Je me transformais en loup-garou...
Arrête, tu sais bien que c'est impossible. Tu es malade, retourne à l'académie, va voir un médecin, et un psychologue.
Comme si un psychologue et une infirmière pourraient m'aider à comprendre ce qui m'arrive.
Tu entends des voix, tu vois des choses bizarres, et tu as une grave fièvre. Qui pourrait t'aider ? Ces inconnus ? Pourquoi est-ce qu'ils feraient ça ?
J-Je ne sais pas...
Exactement, tu ne sais pas. Pas plus qu'ils savent ce qu'ils racontent, ils sont de toute évidence timbrés. Tire-toi de là.

Tandis que je me débattais avec ma propre conscience, je me rendis compte que cela faisait plusieurs minutes que je n'avais pas prononcé un seul mot. Isaac me amorça un mouvement vers moi et je sursautai lorsque je vis sa main passer devant mes yeux.
Tu crois que c'est un loup-garou lui aussi ?
Je le regardai et me demandai depuis combien de temps il savait ce que j'étais, ou... ce qu'ils prétendaient que j'étais. À supposer que ce soit vrai et... possible.

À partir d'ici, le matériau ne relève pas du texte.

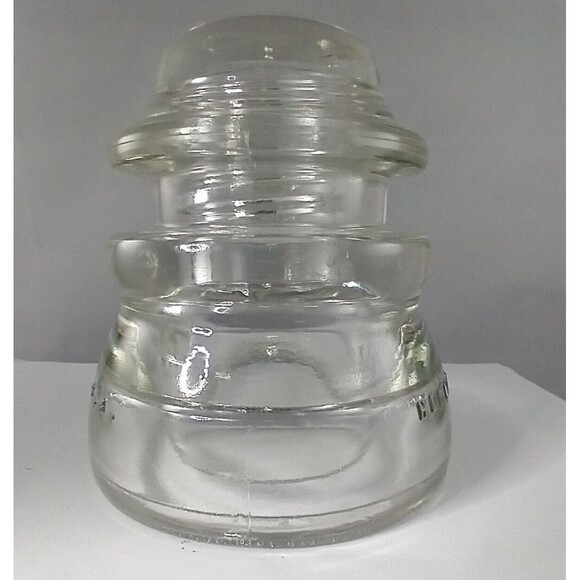 Vintage Hemingray #45 made in USA 1-51 Clear Glass Insulator. PLEASE READ - Picture 2 of 7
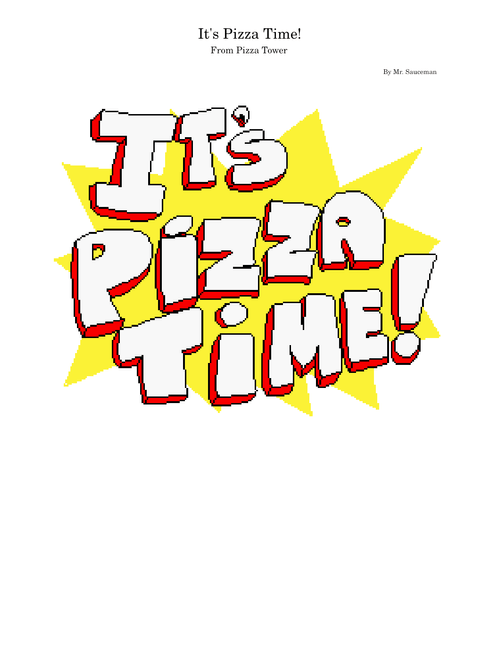 It's Pizza Time! - Ronan "Mr. Sauceman" de Castel, ClascyJitto & Post Elvis | Pizza Tower OST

Il me rendit un regard inquiet, et semblait hésiter à parler. Tout comme Ivan et Taya.
Ils attendaient que je prenne la parole. Ils attendaient de voir ma réaction. Cela me fit penser à un proverbe de Duchess Ladycee « On ne peut pas connaître une personne par cœur vu qu'on ne se connaît jamais vraiment soi-même ». Bon, dans le contexte ce qui est important à retenir est uniquement la seconde partie du proverbe, ou de la citation ou de je ne sais comment s'appelle cette chose. Il n'y a pas à dire, je déteste cette langue.
    J'ouvris la bouche et ce qui en sorti me surprit tout autant qu'eux.
    — D'accord.
    Taya lança un regard perplexe à Ivan avant de le reporter sur moi. Elle se rapprocha de moi et se pencha en avant.
    — D'accord ? Rien d'autre ? Tu sais, nous comprenons parfaitement que cela te choque, il faut te laisser du temps pour te faire à cette idée. C'est quelque chose de nouveau et dont l'importance, accordons-nous là dessus, n'est pas moindre. Alors si tu as besoin de...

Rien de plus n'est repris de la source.